Enquanto a bola rola e a torcida brasileira faz barulho nos Estados Unidos, há um jogo ainda mais importante acontecendo nos bastidores, e ele pode decidir o futuro do nosso futebol

Igor Jesus comemora gol do Botafogo na Copa do Mundo de Clubes 2025 - Vítor Silva / Botafogo

Dentro de campo, os clubes brasileiros estão dando show na Copa do Mundo de Clubes da Fifa. Na primeira fase, por exemplo, Botafogo e Flamengo venceram gigantes europeus e recolocaram o futebol nacional nos holofotes. Já nas oitavas de final, foi a vez do Fluminense fazer o mesmo. Mas a pergunta que realmente importa vem de fora das quatro linhas: estamos prontos para transformar essa exposição inédita em receita, fãs e um produto global?

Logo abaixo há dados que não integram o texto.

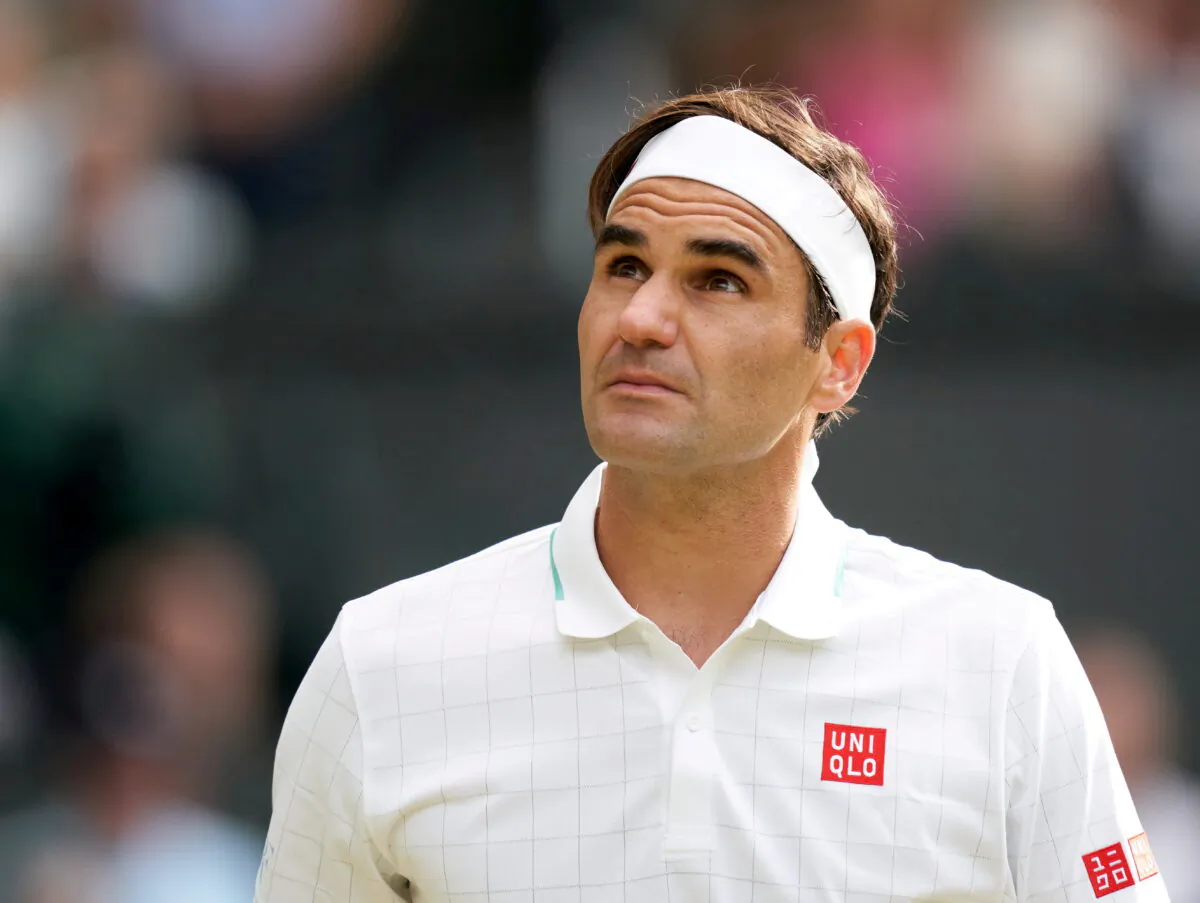 Roger Federer of Switzerland plays against Hubert Hurkacz of Poland in the quarter finals at All England Lawn Tennis and Croquet Club in London on July 7, 2021. (Peter van den Berg/USA TODAY Sports via Reuters)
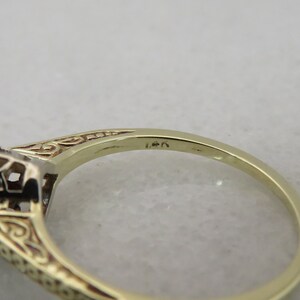 May include: Close-up of a gold ring with a filigree design and a gemstone setting. The ring is marked "14k" on the band. The ring's intricate details and warm gold color are highlighted.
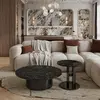 Stolik kawowy TWEEN GOLD ustawiony pod obrazem w designerskiej przestrzeni. Primavera Home.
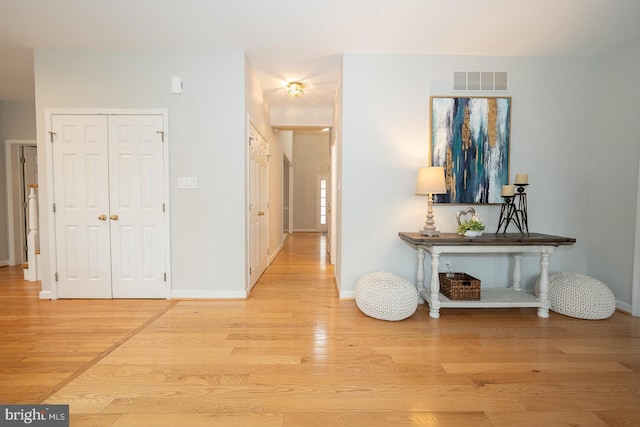 hall with light wood-style flooring, visible vents, and baseboards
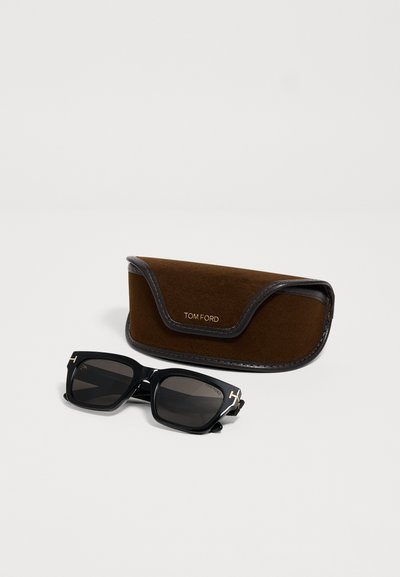 Lunettes de soleil rectangulaires noires Tom Ford avec verres foncés et logo T doré sur les branches, à côté d'un étui Tom Ford en daim et cuir marron.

Apesar de não ter correspondido às expectativas iniciais da Fifa no que tange ao valor da venda dos direitos de transmissão, a primeira edição do torneio tem sido inegavelmente um sucesso em diversos aspectos. É importante destacar que a pedida inicial da entidade máxima do futebol era um tanto quanto irreal: US$ 4 bilhões. O valor final do acordo feito com a plataforma de streaming DAZN foi estimado em US$ 1 bilhão.

Mesmo longe da pedida inicial, o valor arrecadado é um grande feito, especialmente comparando-se com o valor arrecadado no evento televisivo mais assistido pela humanidade: a Copa do Mundo de seleções. Em sua última edição, no Catar, estima-se que a federação faturou algo próximo a US$ 2,8 bilhões com a comercialização dos direitos de transmissão. Considerando-se ser a primeira edição neste formato, atingir pouco mais de um terço em relação à principal fonte de receita da instituição é um sinal de que a competição veio para ficar (para desespero de Javier Tebas, presidente da LaLiga).

Contudo, se for para elencar os maiores beneficiados da nova competição até o momento, os clubes brasileiros estão disparados no topo da lista. Além de ser o único país a ter enviado quatro representantes devido ao amplo domínio recente na principal competição continental, a Copa Libertadores, o Brasil também garantiu todos os representantes na fase eliminatória, o que parecia um tanto quanto improvável quando foi realizado o sorteio dos grupos em dezembro do ano passado.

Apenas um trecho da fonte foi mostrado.